映画「シャイロックの子供たち」を観た。
阿部サダヲがとても上手い。2013年の映画「奇跡のリンゴ」から、彼の出演作はだいたい鑑賞している。普通の人からエキセントリックな役柄まで、何でもこなす。演技に独特の間があって、それがこの俳優さんの特徴のひとつになっている。加えてユニークな声の持ち主で、映画をまるごと阿部サダヲワールドにしてしまう力強さがある。

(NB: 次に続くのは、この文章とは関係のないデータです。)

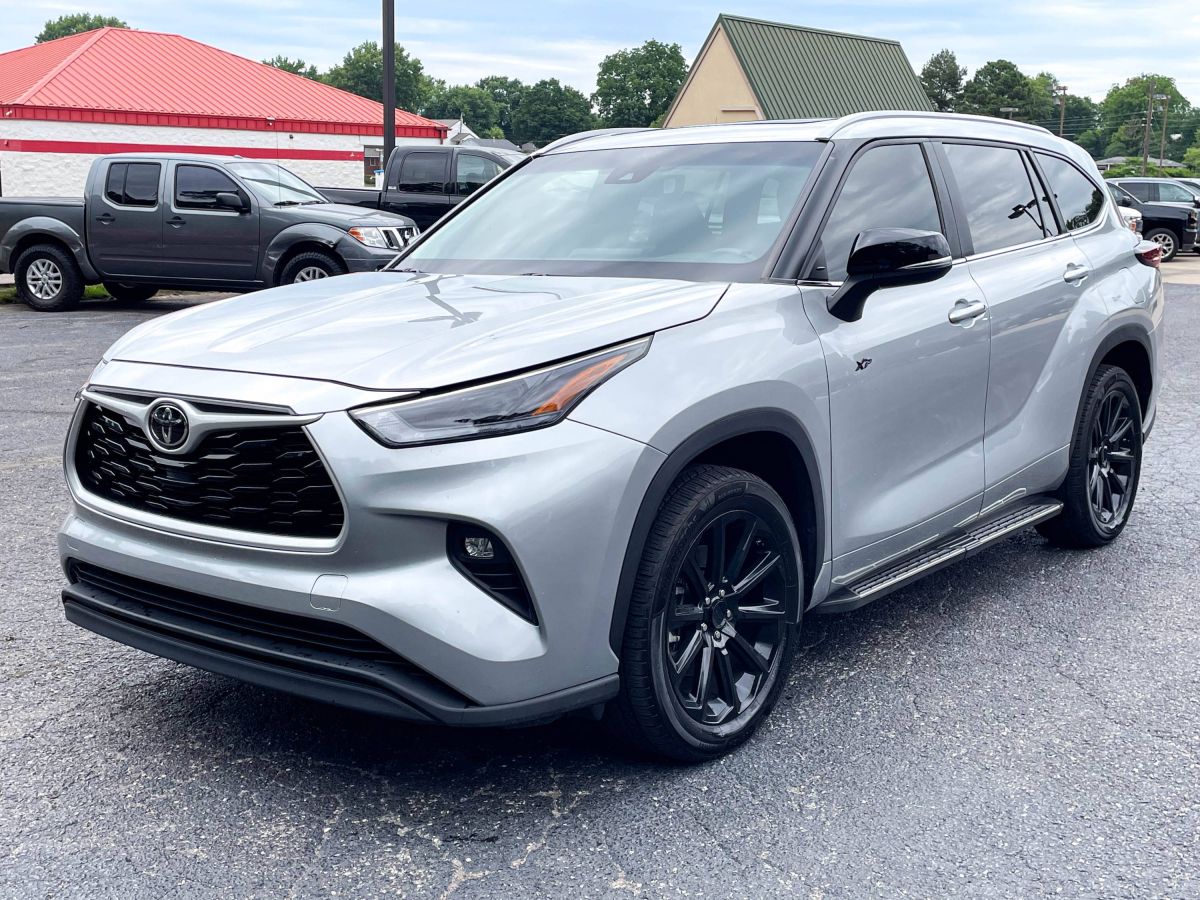 2024 Toyota Highlander XLE FWD's photo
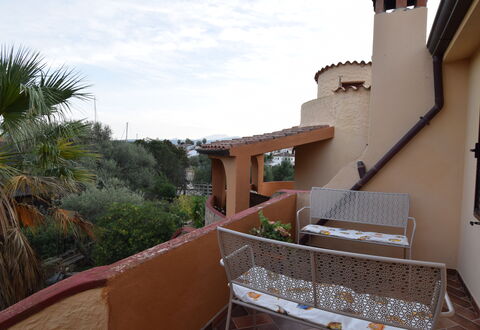 Appartamento Faro In Budoni: Ciel, Propriété, Bâtiment, Nuage, Plante, Bois, Zone Résidentielle, Immobilier, Design Urbain, Façade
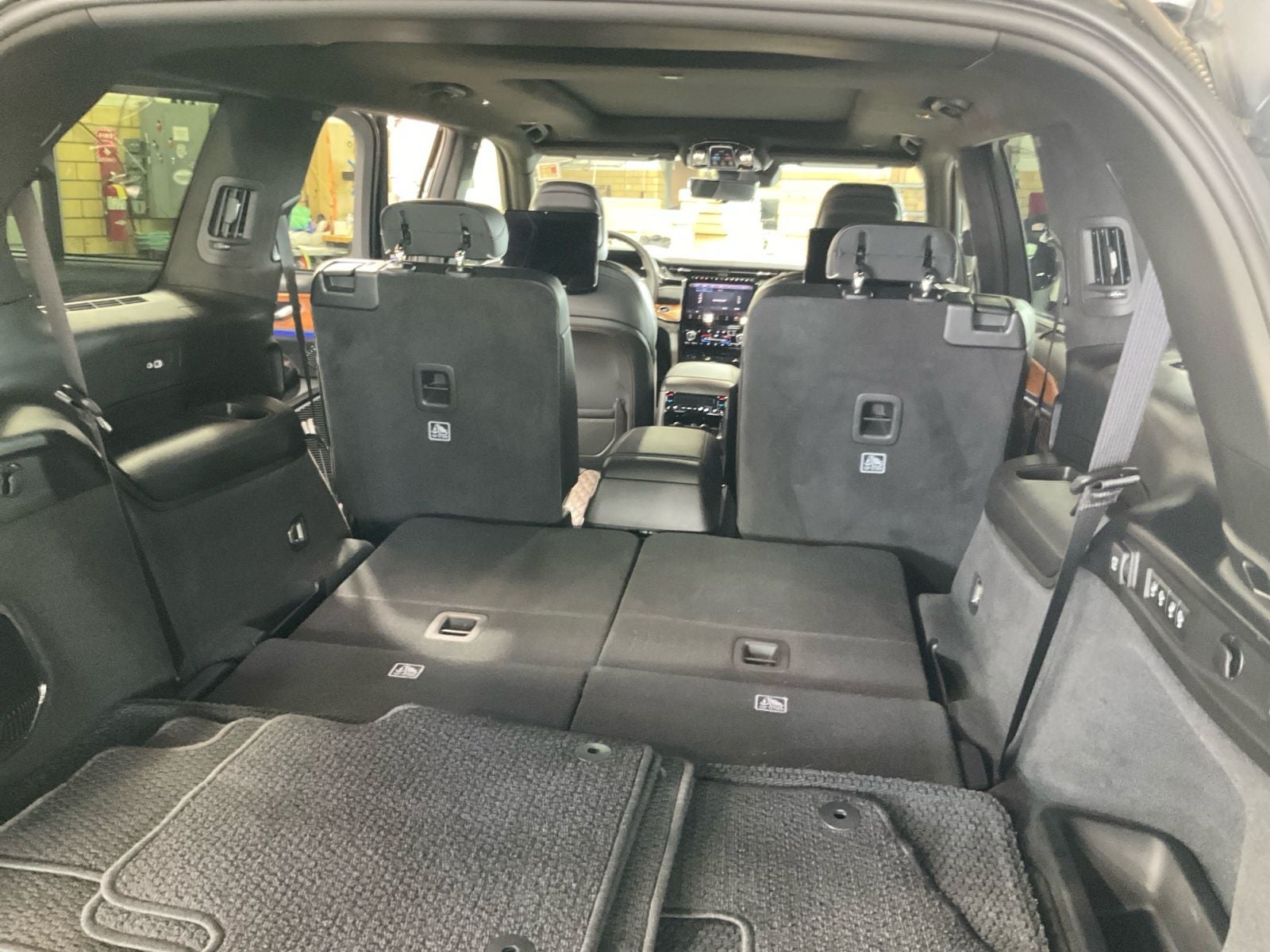 2023 Jeep Grand Cherokee L Summit Reserve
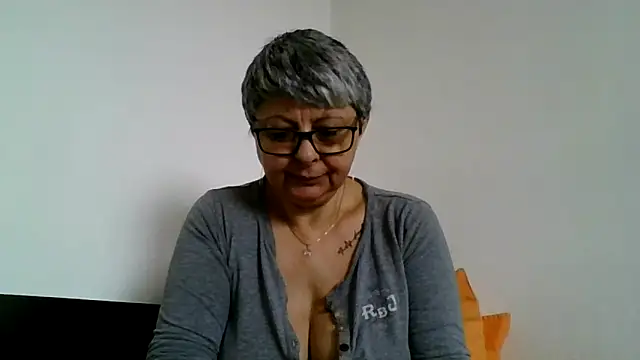 roseblak42 online show from March 29, 7:52 am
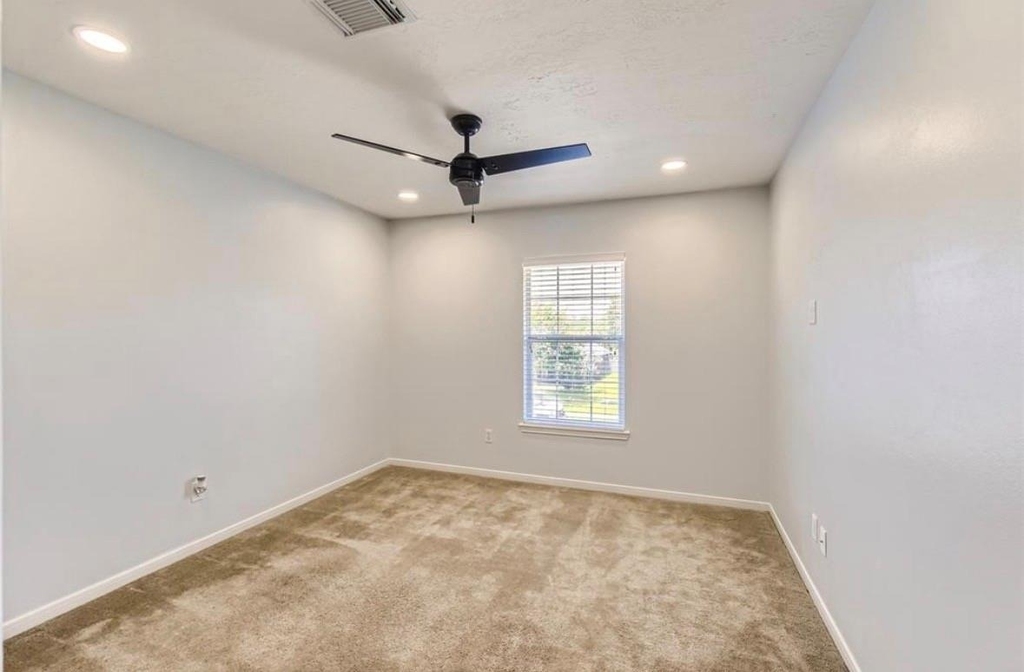 18919 Squirrel Oaks Drive - Photo 23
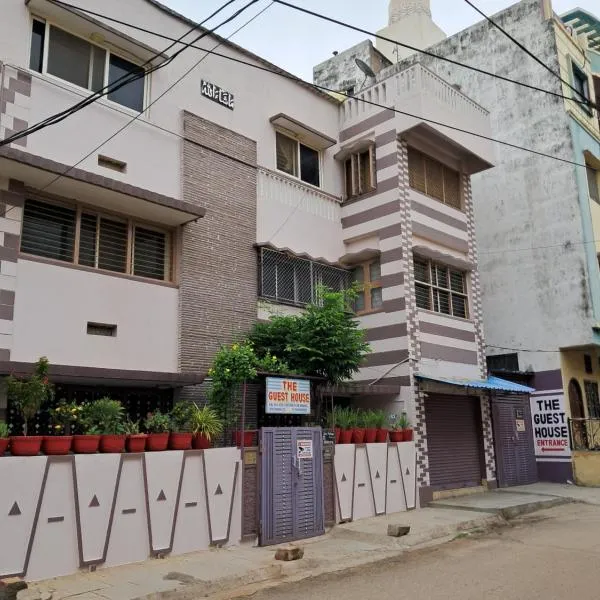 3 BHK Non-AC for 4 to 10 Guests for Families, hotel a Hyderabad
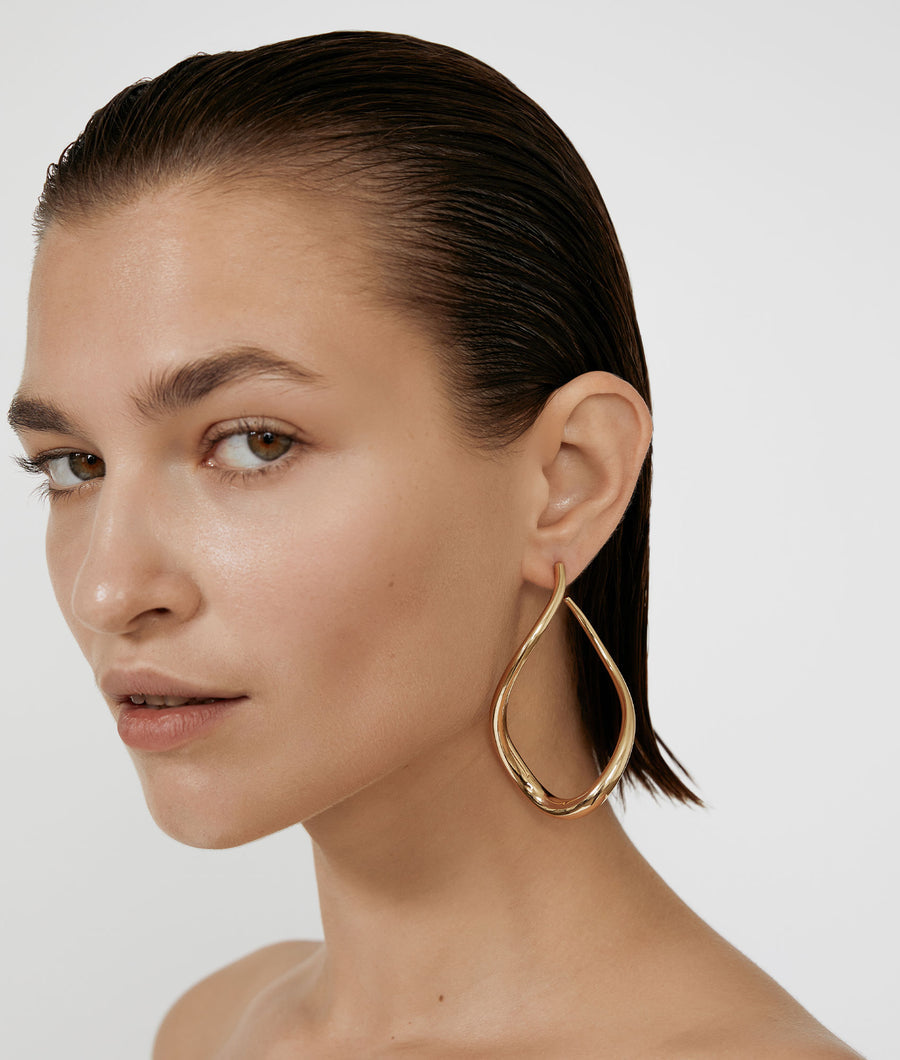 Tulip Chic Twist Hoop Earring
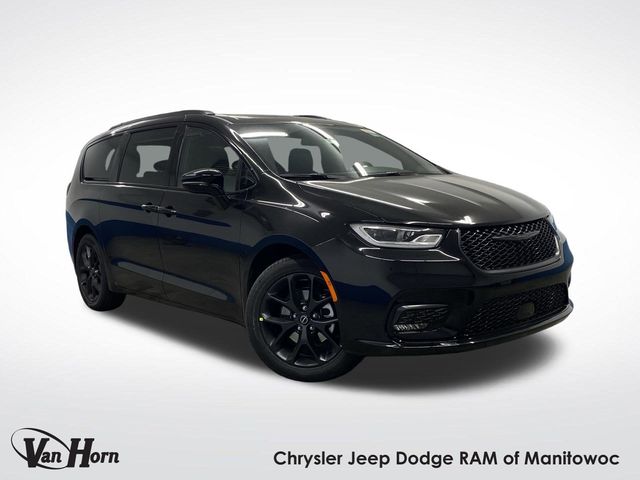 2026 Chrysler Pacifica Select's photo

本作品では普通の人の役だが、見かけによらず頭の回転が速くて肝っ玉の据わった西木課長代理を存分に演じてみせた。個人的な問題も抱えているが、職場ではおくびにも出さない。頭のよさは支店内では知られているようで、支店長以下、西木課長代理にはそれなりに一目置いている様子が見て取れる。こういう立ち位置の役はかなりの難役だと思うが、最初からそういう人間だとばかりに自然に演じている。
物語は池井戸潤お得意の権力者vs下級管理職のパターンで、切れ者の西木課長代理がどんな手を打つのか、ワクワクしながら鑑賞できるところは「半沢直樹」と同じだが、ごく普通の人である西木が、ごく普通の人たちとともに分析と対処を進めていくところがいい。極限状況を日常のレベルに引き戻すのが西木のキャラクターだ。おかげで立体的でリアリティのある作品に仕上がっていると思う。面白かった。